Die meisten Abgeordneten machen sich ihre Entscheidungen nicht leicht. Da gibt es Stunden, in denen man mit dem eigenen Gewissen ringt, wo letztendlich nur das Gewissen entscheidet. Dürfen wir Forschung an embryonalen Stammzellen zulassen, wissend, dass wir dabei menschliches Leben in seiner frühesten Form zerstören, um möglicherweise später einmal Krankheiten Lebender heilen zu können? Werden wir eines Tages auch zulassen, wie in Holland und Belgien bereits geschehen, dass Ärzte ihren Patienten aktive Sterbehilfe geben? Was passiert, wenn diese Ärzte ein solches Vorgehen trotz bestehender Gesetze wiederum mit ihrem Gewissen, aber auch mit ihrem Glauben nicht vereinbaren können?

Einsätze unserer Bundeswehrsoldaten, junger Männer und Frauen mit Familien, die um sie bangen, gehören zu den schwierigen Entscheidungen. Welche Auswirkungen haben diese Einsätze in den Ländern, in denen sie stattfinden, auf die Menschen dort? Keine Entscheidung ist wie die vorherige. Neue Aspekte, gute und schlechte Erfahrungen aus den Folgen vorheriger Beschlüsse werden mit einbezogen. Das nimmt einen ganz in Anspruch. Da ist es gut, dass man in einer solchen Situation einen Andachtsraum im Bundestag weiß, der durch seine Stille und durch seine Gestaltung, durch die Harmonie der Farben für mich ein ganz besonderer Raum ist. Hier kann man sich ganz auf das Wesentliche konzentrieren, kann alles andere ausschalten und in Ruhe Vor- und Nachteile gegeneinander abwägen, bis man glaubt, den richtigen Weg gefunden zu haben. Da ist Platz für ein Gebet. Da, aber nicht nur da, ist Gott auch im Deutschen Bundestag.

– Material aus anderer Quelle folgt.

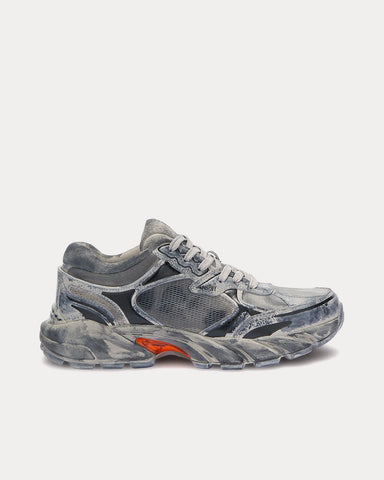 Heron Preston Block Stepper Worn Leather Dark Grey Low Top Sneakers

Vor ein paar Tagen war ich in Afghanistan. Ich habe die Menschen vor ihren zerstörten Häusern in Kabul noch vor Augen. Sie haben uns in den Fahrzeugen der Bundeswehr fröhlich lachend zugewinkt, weil unsere Soldaten ihnen Hoffnung auf dauerhaften Frieden und den Wiederaufbau ihres Landes geben. Diese Menschen, darunter viele Kinder, haben mir gezeigt, dass ich eine richtige Entscheidung getroffen habe in meinem Andachtsraum. Gott mit ihnen.

Die Autorin sitzt für die CDU im Bundestag, ist Mitglied des Verteidigungsausschusses und als Protestantin Mitglied der Kolping-Abgeordnetengruppe.